Professor Owler warned the Government that it risks jeopardising the medical profession’s support for the process if it turns out to be just a cost-cutting exercise that lacks transparency and excludes clinical input.
“Doctors are not afraid of change and reform. We will willingly participate in reform where it is in the best interests of our patients,” he told the National Press Club last month.
He said the MBS, which list treatments and procedures for which the Government will provide a Medicare rebate, was due for an update because of improvements in medical technology and innovations by doctors to provide better and more effective treatments.
“However, our support is predicated on this review not being aimed at cutting the funding to health,” Professor Owler said. “We agree with not paying for procedures that don’t work for certain indications, but we also need to ensure that we don’t deprive people of important services.”
He voiced concern that the Government might use the review mostly to remove items from the MBS, rather than ensuring the schedule was up-to-date and reflected advances in care and medical practice.
“The MBS review cannot be a cost-cutting exercise,” he said. “If there are clearly savings that are identified and the evidence is there that supports those savings, then fine. But we also need to make sure that we have the ability to introduce new items onto the MBS. This cannot be about just taking items off.”
The AMA President said there were a lot of procedures and services currently not covered by the MBS that should be included, and lamented that currently the process for getting new items on the schedule was lengthy and costly.
He said an important aspect of the review was the opportunity to add new items and make the MBS “modern”.
“What we need to do as part of this review is ensure that we can actually add new things on and make sure that we do actually come up with a modern MBS,” the AMA President said. “If we get the sense that this is a cost-cutting exercise, then AMA support and, I suspect, the support of the whole medical profession, will be jeopardised.”
The MBS review meeting by convened by the AMA later this month will be addressed by Professor Robinson.
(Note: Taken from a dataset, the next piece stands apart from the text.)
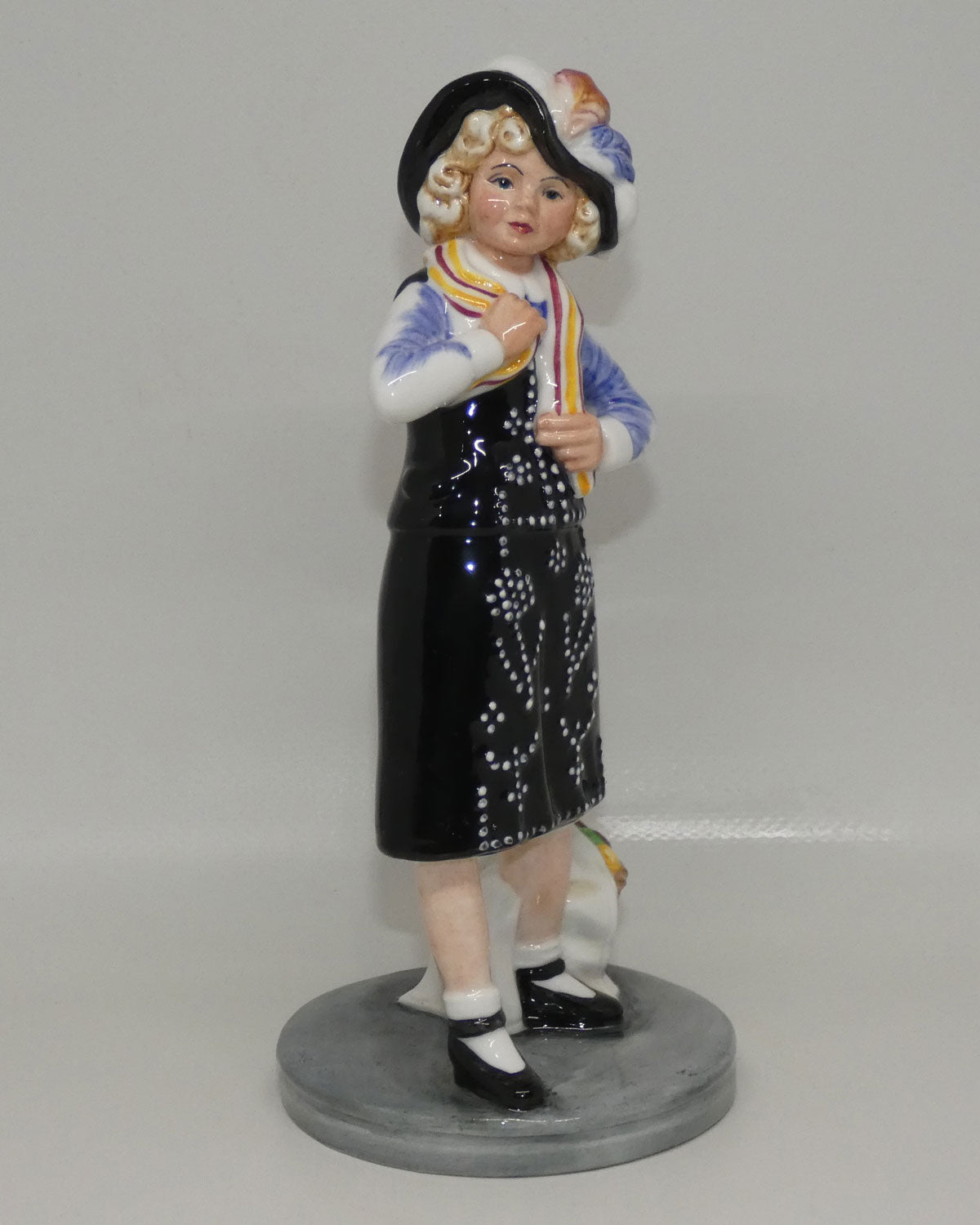 hn2769-royal-doulton-figure-pearly-girl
In his letter to college and society leaders inviting them to the meeting, Professor Owler detailed a number of issues regarding the Government’s approach to the review, including that:
- it had not articulated a strategic vision for the health system to guide the review’s outcomes;
- that it had not been given specific and quantifiable aims;
- that specialist colleges and societies were excluded from direct involvement;
- that the criteria to be used to select review members was unclear; and
- there was a lack of transparency around individual reviews as they progress, and the decisions that will come from them.
“Any review of this nature must bring the profession along with it,” the AMA President wrote in his letter. “In the absence of a Government process that facilitates that, it is very important for the medical profession to be collaborative and coordinated.”